Geographical Modeling: from Characteristic Scale to Scaling

TL;DR

This paper discusses the challenge of modeling scale-free geographical phenomena and proposes scaling analysis as a method to characterize such phenomena when characteristic scales are absent.

Contribution

It introduces the concept of using scaling analysis and power exponents to model and understand scale-free geographical systems.

Findings

Scaling analysis effectively characterizes scale-free phenomena.

Power exponents follow a scaleful distribution.

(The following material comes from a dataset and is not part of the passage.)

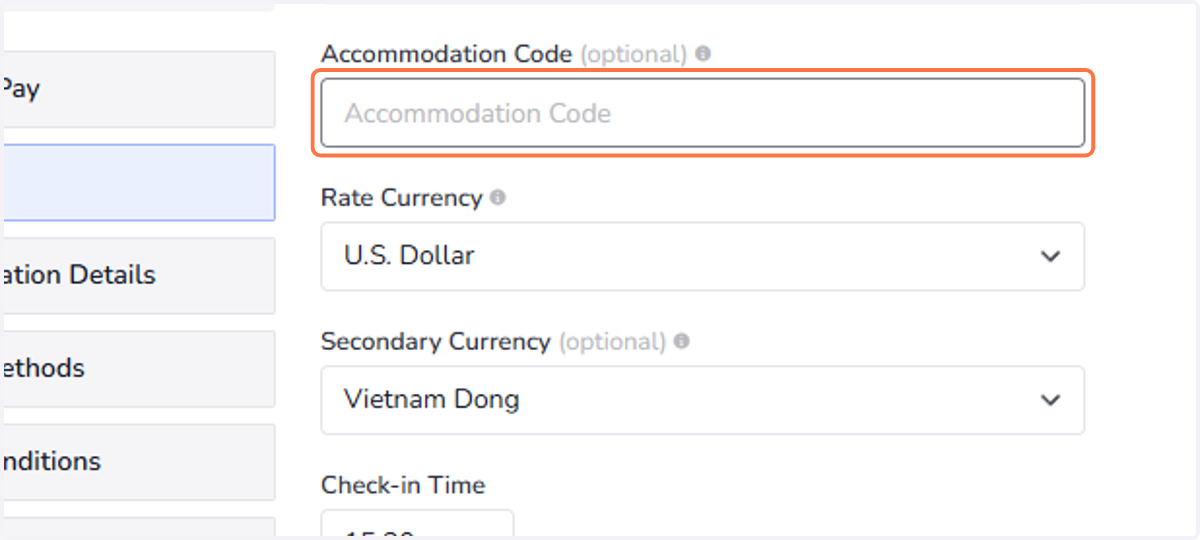Accommodation code: Accommodation Code (hotelcode) is used to connect to the PMS or OTA-API. Please contact us if you need to generate the code. The code is distinct for each hotel.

Scaling methods enable mathematical modeling without characteristic scales.

Abstract

Geographical research was successfully quantified through the quantitative revolution of geography. However, the succeeding theorization of geography encountered insurmountable difficulties. The largest obstacle of geography's theorization lies in scale-free distributions of geographical phenomena which exist everywhere. The first paradigm of scientific research is mathematical theory. The key of a quantitative measurement and mathematical modeling is to find a valid characteristic scale. Unfortunately, for many geographical systems, there is no characteristic scale. In this case, the method of scaling should be employed to make a spatial measurement and carry out mathematical modeling. The basic idea of scaling is to find a power exponent using the double logarithmic linear relation between a variable scale and the corresponding measurement results. The exponent is a characteristic parameter which follows a scaleful distribution and can be used to characterize the scale-free phenomena. The importance of the scaling analysis in geography is becoming more and more evident for scientists.